T.Shigehara,H.Mizoguchi,T.Mishima,T.Cheon: "Chaos induced by quantization"IEICE Transactions on Fundamentals. E81-A. 1762-1768 (1998)

T.Shigehara、H.Mizoguchi、T.Mishima、T.Cheon：“量子化引起的混沌”IEICE 基础交易。

T.Cheon,T.Shigehara: "Some aspects of one-dimensional contact interactions"Operator Theory : Advances and Applications. 108. 203-208 (1999)

T.Cheon，T.Shigehara：“一维接触相互作用的某些方面”算子理论：进展和应用。

T.Cheon and T.Shigehara: "Fermion-boson duality of one-dimensional quantum particles with generalized contact interactions"Physical Review Letters. 82. 2536-2539 (1999)

T.Cheon 和 T.Shigehara：“具有广义接触相互作用的一维量子粒子的费米子-玻色子二象性”物理评论快报。

T.Cheon and T.Shigehara: "Realizing discontinuous wavefunctions with renormalized short-range potentials"Physics Letters.
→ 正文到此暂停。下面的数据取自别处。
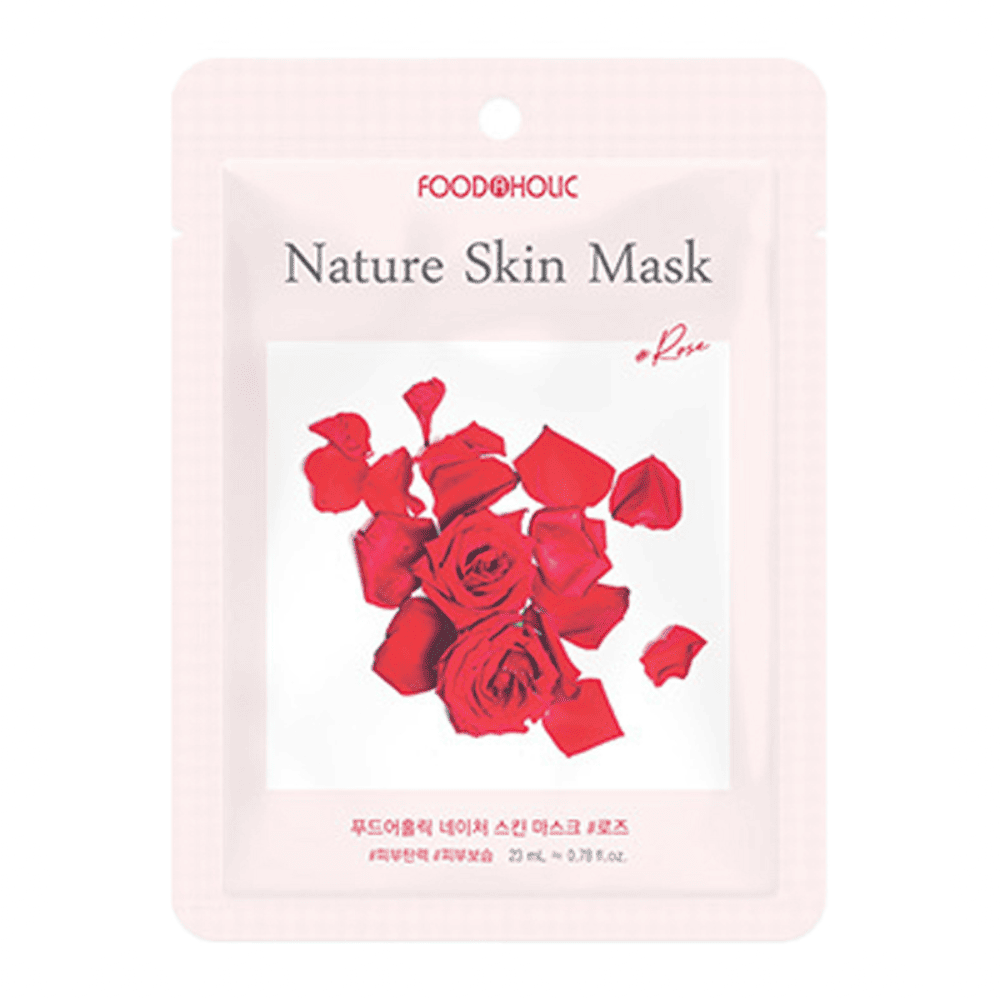 Rose Nature Skin Mask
A243. 111-116 (1998)

T.Cheon 和 T.Shigehara：“利用重正化短程势实现不连续波函数”《物理快报》。

T.Shigehara, H.Mizoguchi, T.Mishima and T.Cheon: "Chaos induced by quantization"IEICE Transactions on Fundamentals. E81-A. 1762-1768 (1998)

T.Shigehara、H.Mizoguchi、T.Mishima 和 T.Cheon：“量化引起的混沌”IEICE 基础交易。